UT Dallas Professor On The Strides And Setbacks Of Facial Recognition Technology
The human face conveys our thoughts and emotions, and we seek it out when trying to identify others. It's also a focal point for the future of identification technology.
Governments, law enforcement and even businesses are interested in being able to identify people at a distance.
Alice O'Toole is a professor at the University of Texas at Dallas who specializes in the face, and she talked with KERA about the strides technology has made with facial recognition.
On the importance of the human face
It's very important; it is one of the first things the we look at to get social information, intent of another person. We look at it to recognize people, to categorize them along a lot of dimensions, like their sex, their race, their age, all of the these things help us to approach them in ways that are socially appropriate and adaptive.
On the advancement of the technology
A decade ago or so computers were very good at recognizing faces when the conditions that the image was taken under are really optimal — so passport photos and things where you have some control over facial expression, illumination and viewpoint.
What happened about five or six years ago, 2012 or so, was the introduction of a new class of deep learning algorithms. They're modeled after the human visual system or the primate visual system, and they involve tens of millions of computations that are neural-like in character. Those computations cascade one layer of neurons onto the next layer and so on, and that seems to have introduced a bit of a breakthrough in algorithms.

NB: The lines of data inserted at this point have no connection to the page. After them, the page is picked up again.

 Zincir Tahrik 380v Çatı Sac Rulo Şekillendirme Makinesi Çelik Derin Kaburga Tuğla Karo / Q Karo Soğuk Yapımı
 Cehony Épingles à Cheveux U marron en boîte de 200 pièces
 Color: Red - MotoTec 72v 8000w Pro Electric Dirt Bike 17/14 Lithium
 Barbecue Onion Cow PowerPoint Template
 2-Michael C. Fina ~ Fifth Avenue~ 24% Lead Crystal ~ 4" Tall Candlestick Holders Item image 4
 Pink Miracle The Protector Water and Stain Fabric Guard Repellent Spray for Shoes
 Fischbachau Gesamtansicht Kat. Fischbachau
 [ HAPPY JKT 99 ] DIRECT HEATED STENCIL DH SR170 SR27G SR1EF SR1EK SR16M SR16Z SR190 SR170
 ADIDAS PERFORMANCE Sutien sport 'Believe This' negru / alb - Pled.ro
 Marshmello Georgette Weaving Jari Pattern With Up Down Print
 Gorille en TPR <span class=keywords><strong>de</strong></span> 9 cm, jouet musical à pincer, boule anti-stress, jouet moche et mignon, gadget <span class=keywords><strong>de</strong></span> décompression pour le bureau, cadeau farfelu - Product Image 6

Now, we are able to use these algorithms to learn lots of different images of a face and map all of those wildly different images onto a single identity. And that takes the technology quite a ways over where it was five or 10 years ago.
On facial recognition algorithms being racially biased
Algorithms might be more accurate on one race of face than on other races of faces. It is really not a surprise to scientists that this is the case because algorithms or the algorithms we use today learn by example.

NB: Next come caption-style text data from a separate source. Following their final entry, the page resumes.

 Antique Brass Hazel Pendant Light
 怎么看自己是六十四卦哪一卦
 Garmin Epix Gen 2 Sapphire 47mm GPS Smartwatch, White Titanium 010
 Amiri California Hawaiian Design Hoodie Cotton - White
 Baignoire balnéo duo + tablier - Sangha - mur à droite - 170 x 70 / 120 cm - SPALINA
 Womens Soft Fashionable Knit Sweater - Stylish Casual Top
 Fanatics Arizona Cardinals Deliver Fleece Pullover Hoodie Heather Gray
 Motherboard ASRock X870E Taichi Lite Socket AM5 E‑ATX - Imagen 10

They are trained to basically map different images of an identity onto a single identity. And computer vision people use training data that is available usually from the web. So, if you downloaded eight million images from the web, which is not out of range for what these things are trained on, you would ask yourself what percentage of those would be from a particular race or another race and so on.
Just like people, we expect the algorithm to be best on the image type it's learned the most of.
Interview responses have been lightly edited for clarity.